The story concerns a blatantly Islamophobic birthday card produced by Noble Works and sold locally. It features a hijab-wearing Muslim doll along with several incendiary phrases, overtly linking anyone who wears the traditional female Muslim head covering to terrorism. (Traditionally observant Muslim and Jewish women share the custom of covering their hair.)
There's no dearth of stories that enrage, nauseate, terrify, disgust, or make me just want to stay in bed; this one struck close to home because, unlike the slaughter in Syria or many other world problems, you and I can do something about this.
We can be mindful of what we see on the shelves of stores selling greeting cards that cross the line of civility, and other public displays of bigotry. We must make our voices heard respectfully whenever we feel that something we see endangers the core values of our society.
This card, by directly linking traditional Muslim dress to terrorism, is totally objectionable in an open, diverse and pluralistic society. People of good conscience should oppose it for the same reasons they should oppose cartoons riddled with anti-Semitic imagery, such as appear all too often in newspapers around the world (and especially in the Middle East).
Is the card protected under First Amendment rights? Yes. Can a stationery story sell such a card legally? Yes.
But is it good for us as Americans--be we Jews, Muslims, or Christians; of African, Asian, or Latin descent; straight or gay--to acquiesce to dangerous stereotypes of "the other," whoever he or she may be, bandied about as though hateful words and images have no consequences? NO!

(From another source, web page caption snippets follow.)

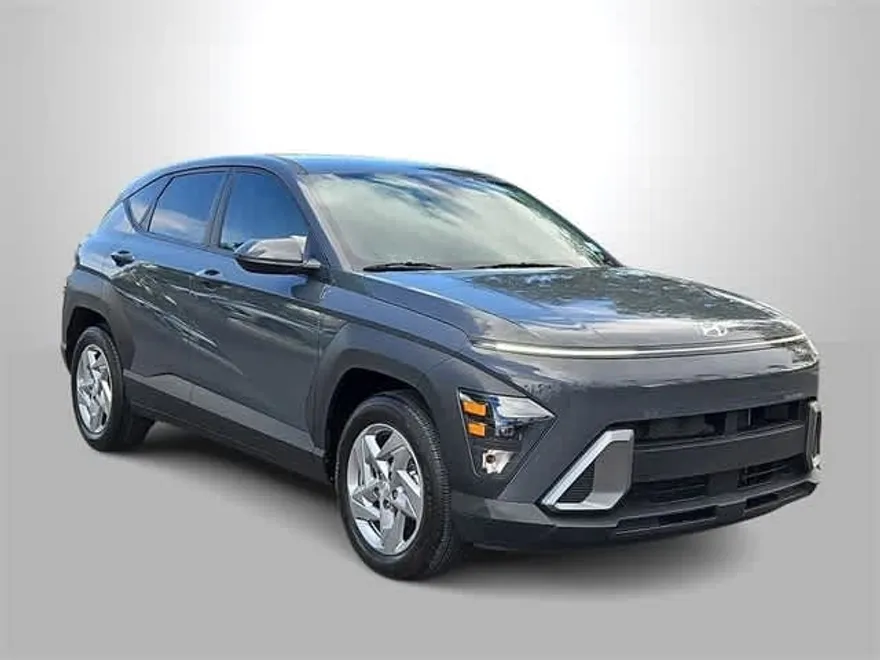 2025 Hyundai Kona SE photo 1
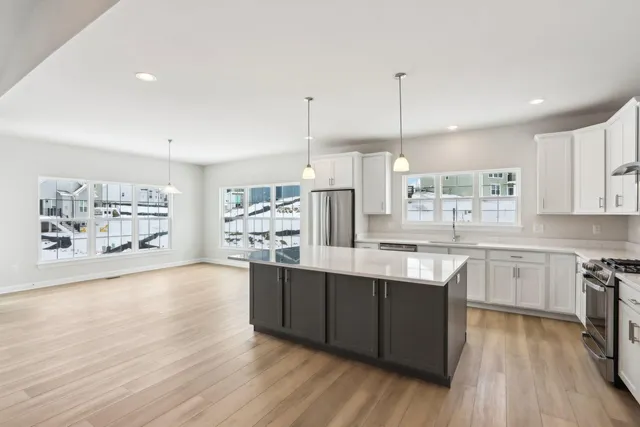 $5,000 | 1785 La Salle Street, Lake Geneva, WI 53147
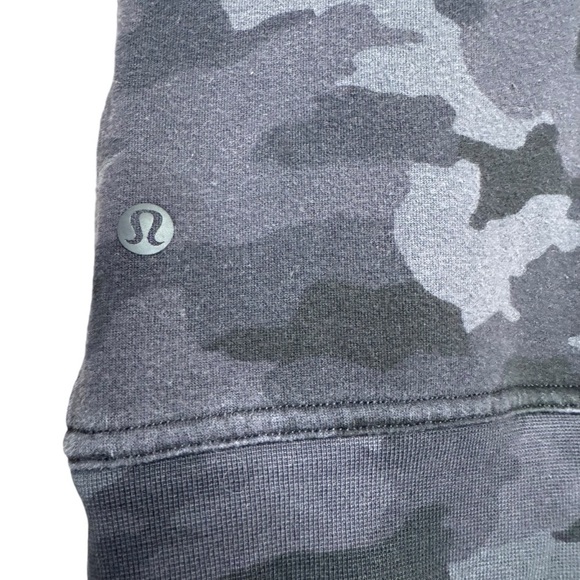 Lululemon All Yours Crew Sweatshirt Black Camo Size 4 - Picture 4 of 7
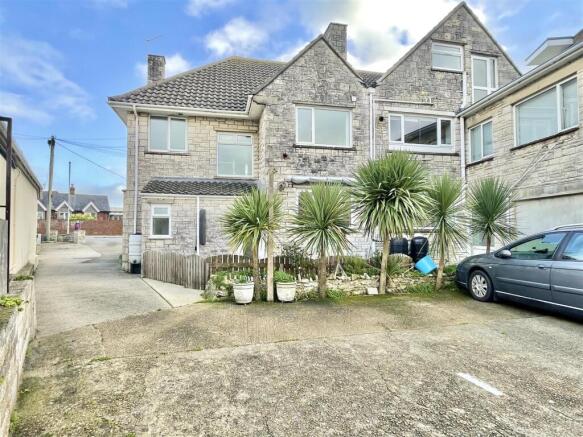 2 bed property, in Overcombe House, £240,000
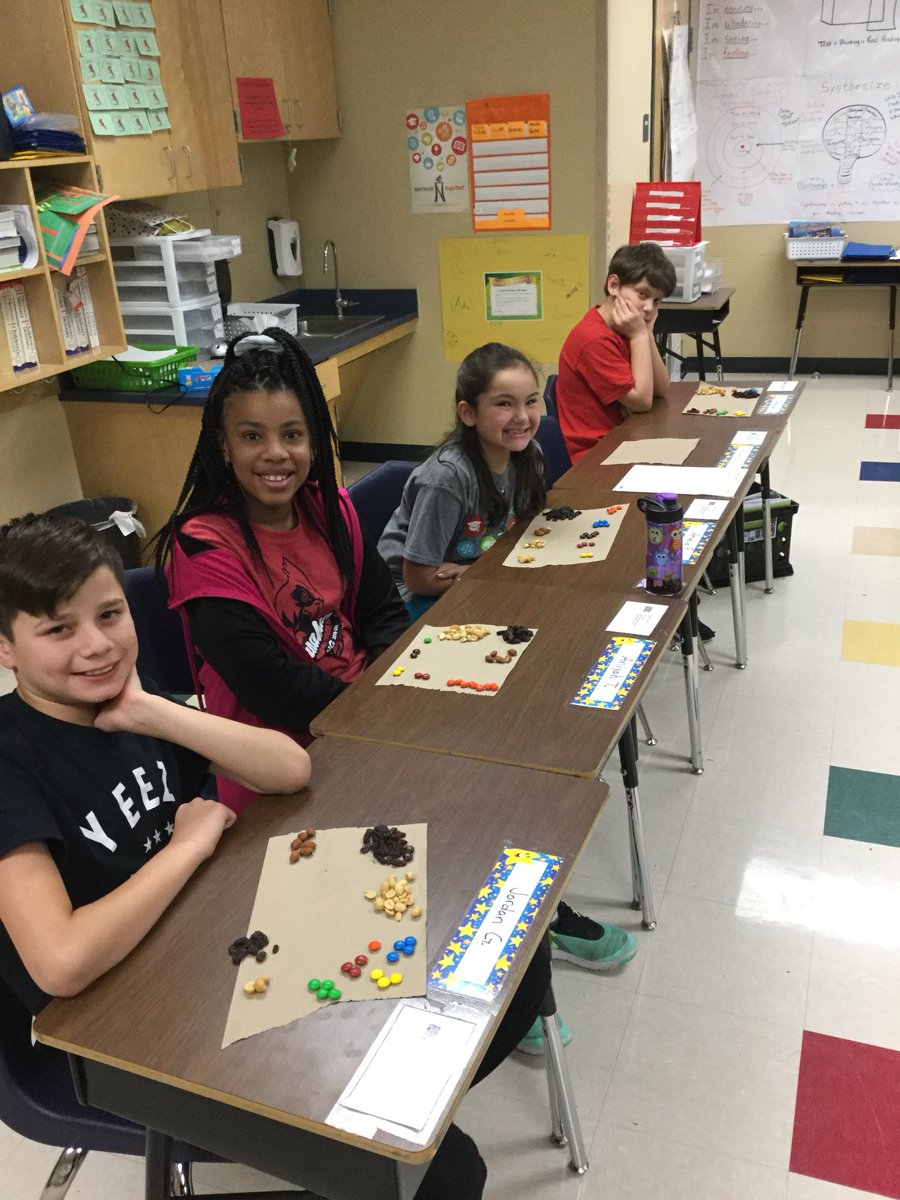 HastyJamal's tweet photo. Friday’s mixtures and solutions lab with trail mix before recess. 🙌🏽 #CarnahanInspired https://t.co/A2diJv5mh4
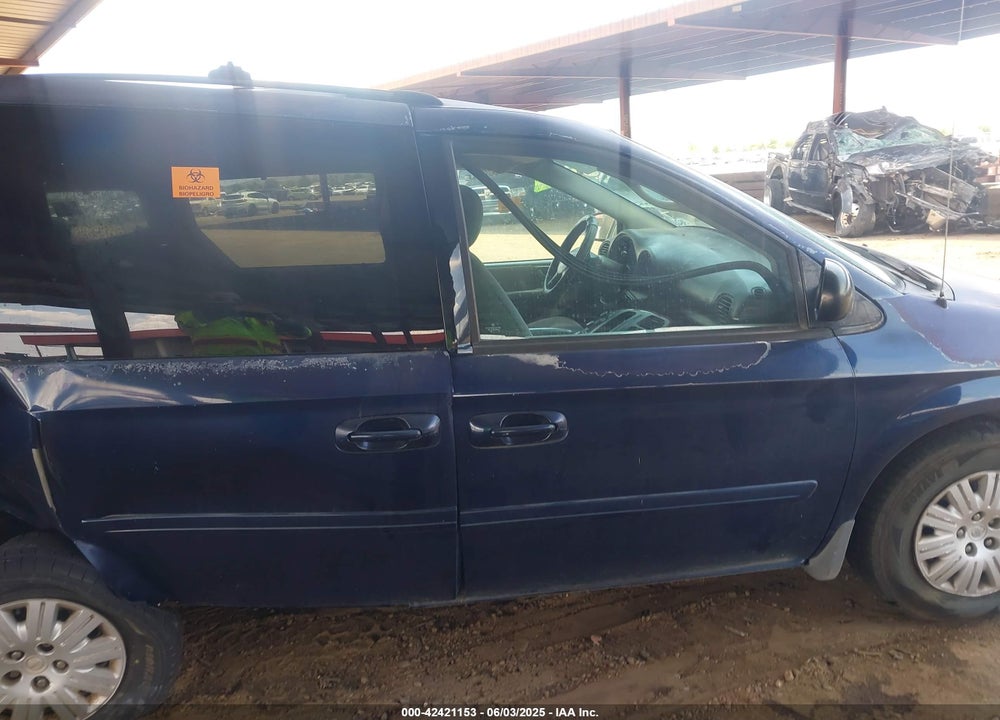 2005 CHRYSLER TOWN & COUNTRY LX VIN: 2C4GP44R85R552031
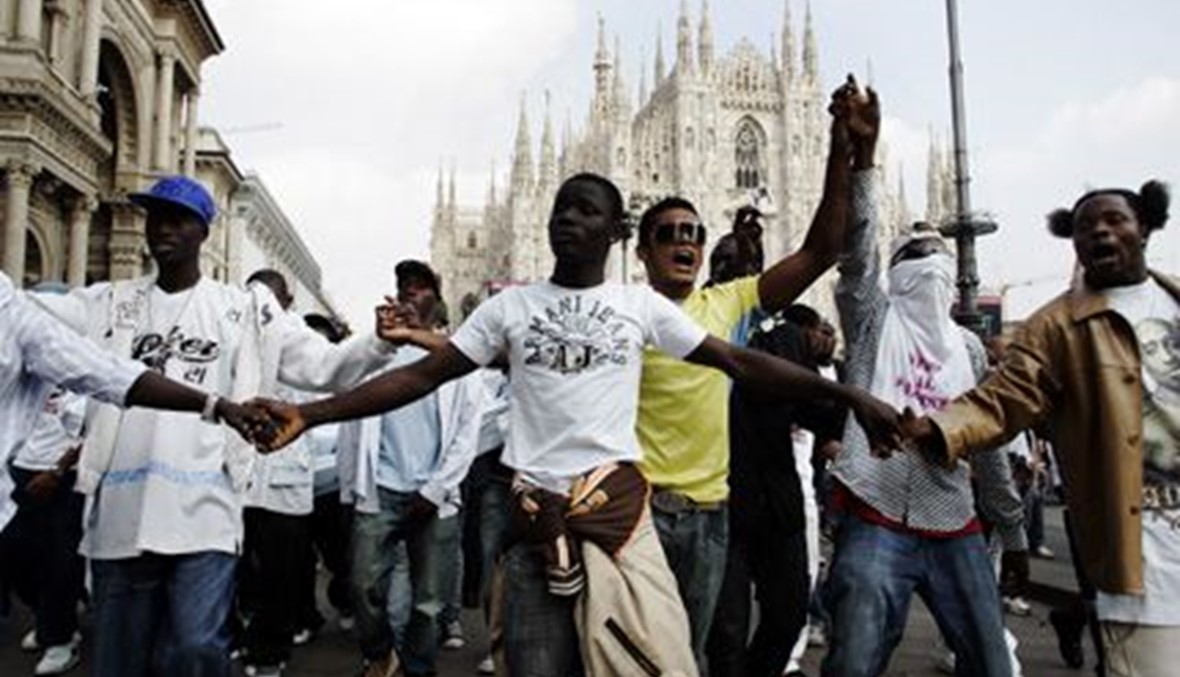 المهاجرون الأفارقة يواجهون مخاطر الصحراء... طمعاً في بلوغ أوروبا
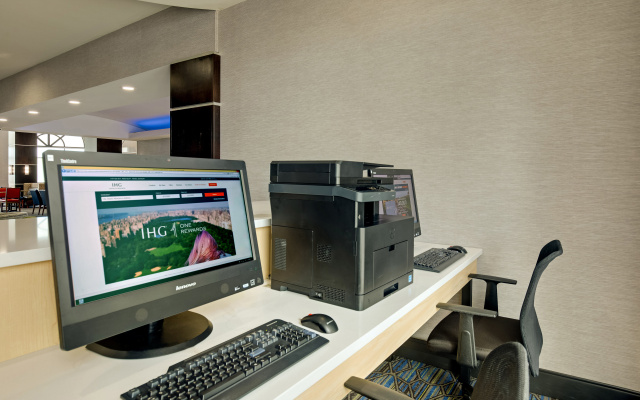 Holiday Inn Express Hotel and Suites Nashville-Opryland by IHG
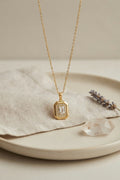 ZEVRA Kare Form Kolye – Gold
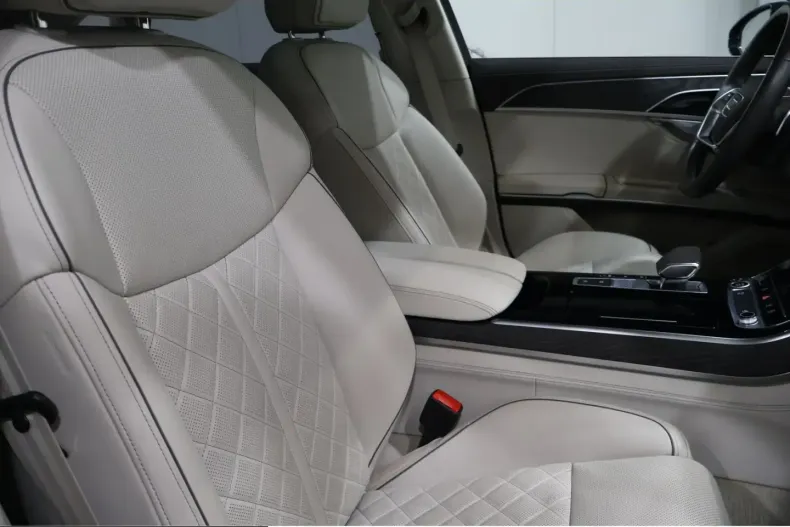 Audi A8 din 2024 cu 36.851 km - oferta AUD231745 - foto 6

I am in regular discourse with Muslim Americans of faith, who share the same values as I do when it comes to the kind of society in which we both wish not only to live, but to live and let live. Proud Americans of all faiths must be vigilant if we are to preserve a society ruled by law, where people are judged, as Dr. Martin Luther King Jr. said, "not by the color of their skin [or whether or not they wear a kippah or for that matter, a hijab] but by the content of their character."
The anti-Muslim card is a gratuitous, opportunistic, and disgusting display of fear mongering. For Jews it offends our ethical values and insults our collective memory. We know, better than many, how slippery the slope can be from hate speech to violence.
The purveyors of hateful message targeting a specific group may have the right to peddle their brand of pornography in public. Those who recognize it for what it is have the responsibility to raise our voices in protest. That is the best way I know to seek peace and pursue it.